There is something about being stranded in an airport for hours on end that makes you see people with ridiculous clarity. I wait tables everyday for a living back home in Nashville, a popular tourist destination that attracts travelers from all over the world, and yet the comfortability of home often blinds me to the differences that constantly surround me. But here, I see and hear everything. Language, color, inflection of tone, various styles of dress; from sandals and socks to platform wedges, and balding Afghani men to wailing Indian toddlers. You cannot escape diversity in an airport even if you try, it literally engulfs you. And the craziest part is that I haven't even gotten to the real culture shock yet and I still feel unnerved and out of place.
So why am I doing this?
This is the question I've been asking myself repeatedly for the past 24 hours as I sit in my uncertainty and loneliness and doubt. And although I feel all of these emotions and more, I know that I am on this journey for a reason.
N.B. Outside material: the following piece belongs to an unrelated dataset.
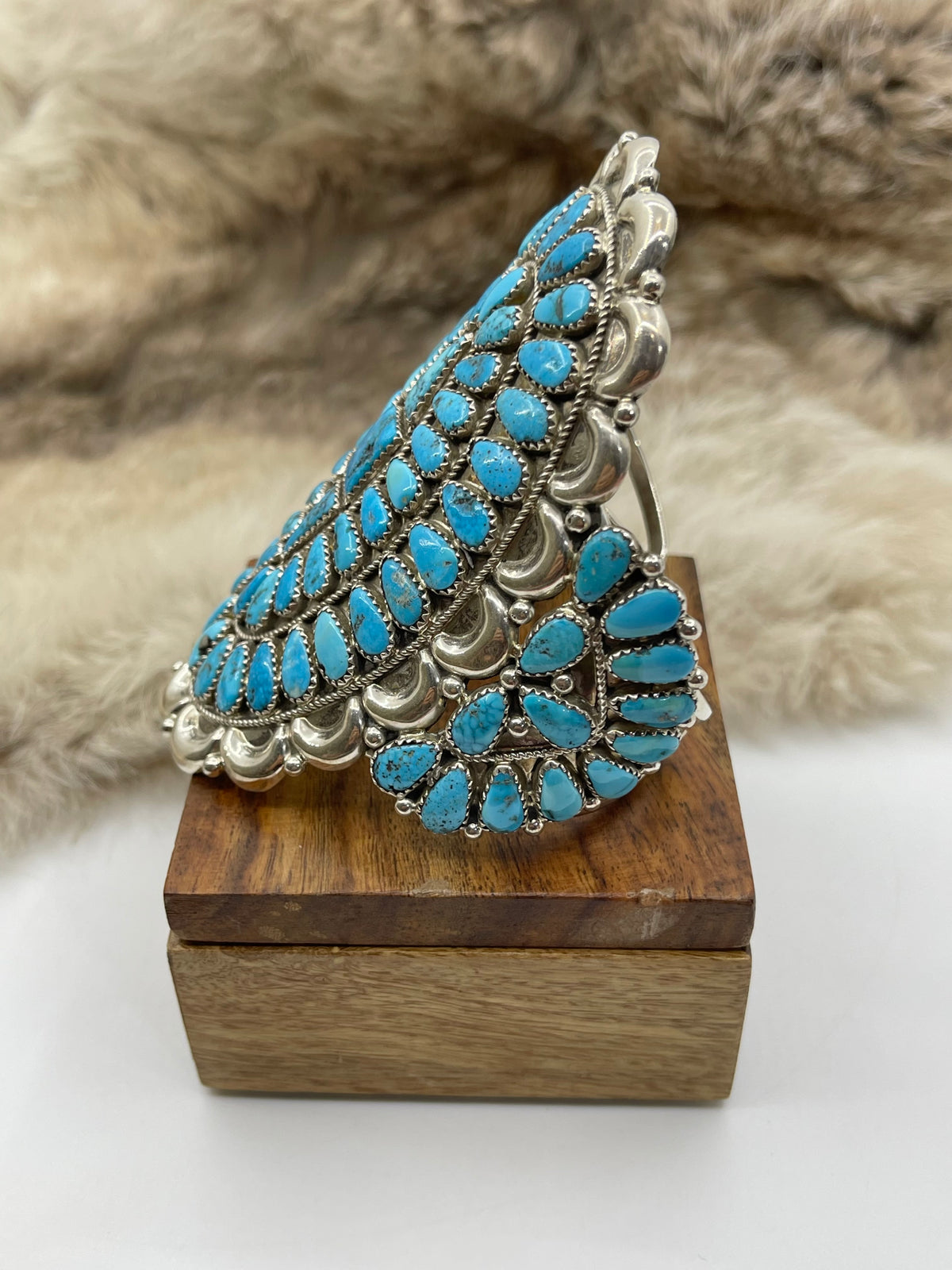 7” Kingman Turquoise Cluster Cuff by Justina Wilson, Navajo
For one, I am so excited to be immersed in the Spanish culture and language. I really want to push myself to have authentic conversations with people. Not just speaking simple phrases like "Donde esta bano?" and "Como te llamas?" but to speak fluently enough that I can go back home one day and tell the Hispanic server assistant at BarTaco how much I respected and adored working with her for almost a year. I want to go up to the parents of my inner-city latina kids and tell them how much progress their kids made in the REACH reading program and how talented and fantastic they are.
I also want to teach. Simultaneously, I want to be taught. Not just how to speak a foreign language, but how to navigate new landscapes and truly open myself up to people I don't know. At 25 years of age, I want to start taking responsibility for my adulthood, beginning a career path in education and learning to how to live well completely on my own.
But, more than any of these things, I want to address that blindness that I spoke of earlier. That familiarity that we all face in our day to day life. I want to really see people, and to learn their stories. I want to know what inspires them and drives them to wake up every morning. How do they take their coffee? What is their relationship like with their family? What weighs on their mind when they go to sleep at night?
This, I believe, is the ultimate reason I travel. Stories are the road map that connect us all together. Sharing them helps us to understand pain, and betrayal, and love, and life. It makes the Spanish man in the Metro station, and the CIEE participant from L.A., and this elderly woman sitting next to me waiting to hop a plane to Madrid all my brother and sister in this chaos we call life.
I hope to keep this in mind as I embark on this new journey. To remind myself at the end of the day that people are all, ultimately, just people. To try my best to teach, and to learn, and to be open to each and every story that I will be told and will eventually tell myself.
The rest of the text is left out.